Africa-Press – Burkina Faso. La capitale burkinabè a accueilli, le lundi 20 avril 2026, la cérémonie d’ouverture de la conférence inaugurale placée sous le thème « Colonisation et perpétuation des systèmes coloniaux ». Organisée par l’Institut de développement de la diaspora africaine (ADDI), cette rencontre avait pour ambition de repenser les liens entre l’Afrique et sa diaspora, avec la jeunesse au cœur des dynamiques de transformation du continent.
« Cette conférence va se baser sur la célébration de la jeunesse du Burkina car on se rend compte que la jeunesse africaine ne dit pas son histoire elle-même. Donc, on va donner l’opportunité à ces jeunes de parler de leur histoire et de célébrer le travail que la jeunesse burkinabè a fait », a expliqué la présidente de l’Institut de développement de la diaspora africaine, Dr Arikana Chihombori Quao.
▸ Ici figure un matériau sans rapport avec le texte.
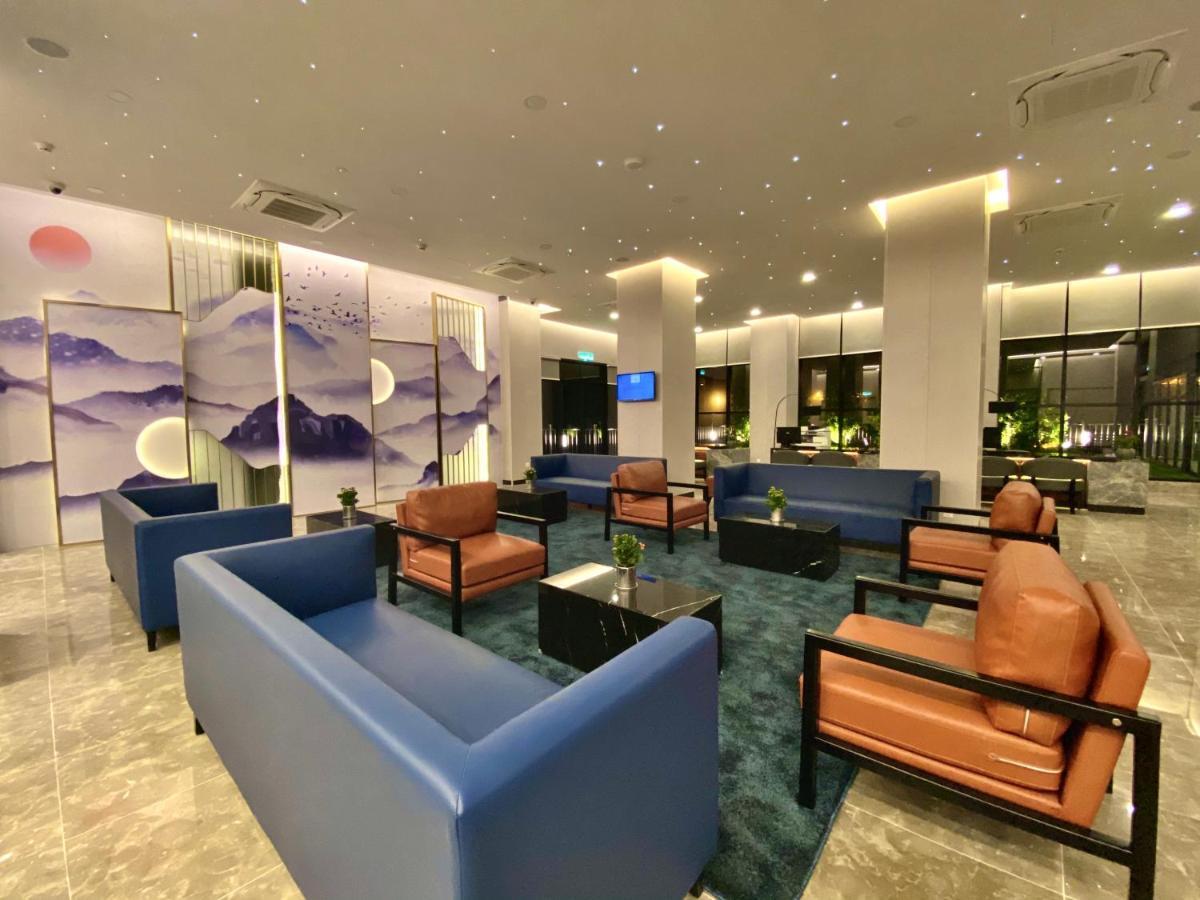 G-Luxe By Gloria Genting Highlands Ξενοδοχείο Εξωτερικό φωτογραφία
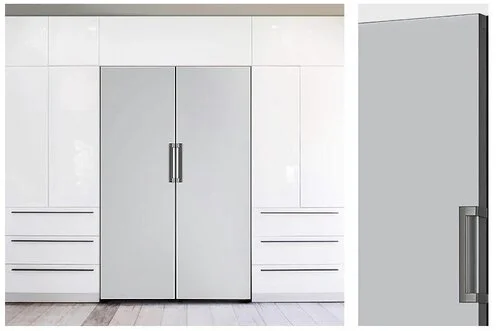 Холодильник LG GC-B401FAPM Казахстан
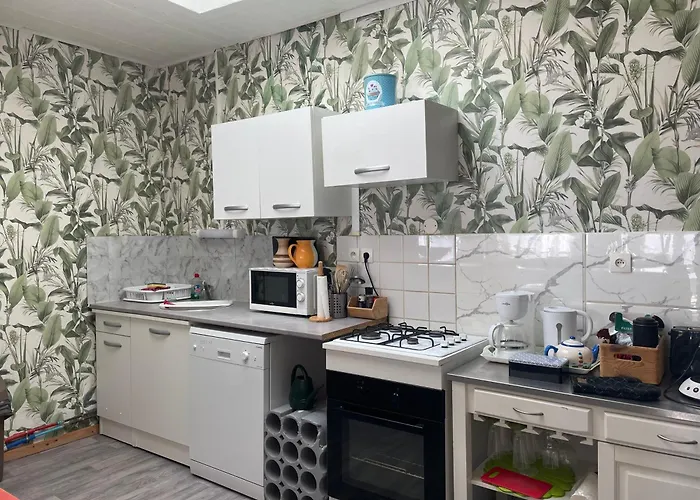 Votre Pied A Terre A Plage, A 2 Pas Des Dunes Apartment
Elle a également appelé à une synergie entre générations, car selon elle, lorsque nous sommes divisés, nous ne pouvons pas réussir.
« Ce que je veux faire passer à la jeunesse, c’est qu’on doit travailler ensemble, c’est-à-dire la jeunesse et les anciens, pour comprendre ce qu’il y a. Je voudrais passer le message aussi à la jeunesse, pour qu’elle comprenne que lorsqu’on est divisés, on ne peut pas réussir. Donc, le message de diviser pour régner ne va pas passer. Il faut que les anciens puissent passer la connaissance à la jeunesse pour qu’on puisse évoluer ensemble », a-t-elle conclu.
La ministre déléguée auprès du ministère en charge des affaires étrangères a, au nom du président Ibrahim Traoré et du Premier ministre Jean-Emmanuel Ouédraogo, salué cette initiative qui marque une étape importante dans la recomposition des liens politiques, stratégiques et historiques entre l’Afrique et sa diaspora.
Dans un contexte marqué par la redéfinition des trajectoires politiques du continent, notamment au sein de la Confédération des États du Sahel, elle a appelé à dépasser le symbolique pour construire un panafricanisme d’action.
« Ces conférences marquent une étape importante dans le renforcement des relations stratégiques entre l’Afrique et sa diaspora. Votre présence ici dépasse une simple rencontre culturelle ou mémorielle. Elle s’inscrit dans une dynamique plus vaste, celle de la recomposition des liens politiques, stratégiques et historiques entre l’Afrique et sa diaspora. Les présentes conférences doivent marquer une rupture et doivent nous permettre de passer d’une diaspora observée à une diaspora intégrée, d’une coopération symbolique à une coopération opérationnelle, d’un panafricanisme de principe à un panafricanisme d’action. Nos priorités sont claires. Mettre en place des mécanismes efficaces reliant les besoins des États aux expertises de la diaspora, orienter les investissements vers des secteurs stratégiques à fort impact, renforcer une diplomatie d’influence concertée capable de porter la voix de l’Afrique dans les arènes internationales », a déclaré la ministre déléguée auprès du ministère chargé des affaires étrangères, Stella Eldine Kabré/Kaboré.
Parmi les intervenants qui ont pris part aux échanges, nous avons entre autres Dr Arikana Chihombori Quao, le révérend Maponga, Lazare Ki Zerbo et Ousmane Touray.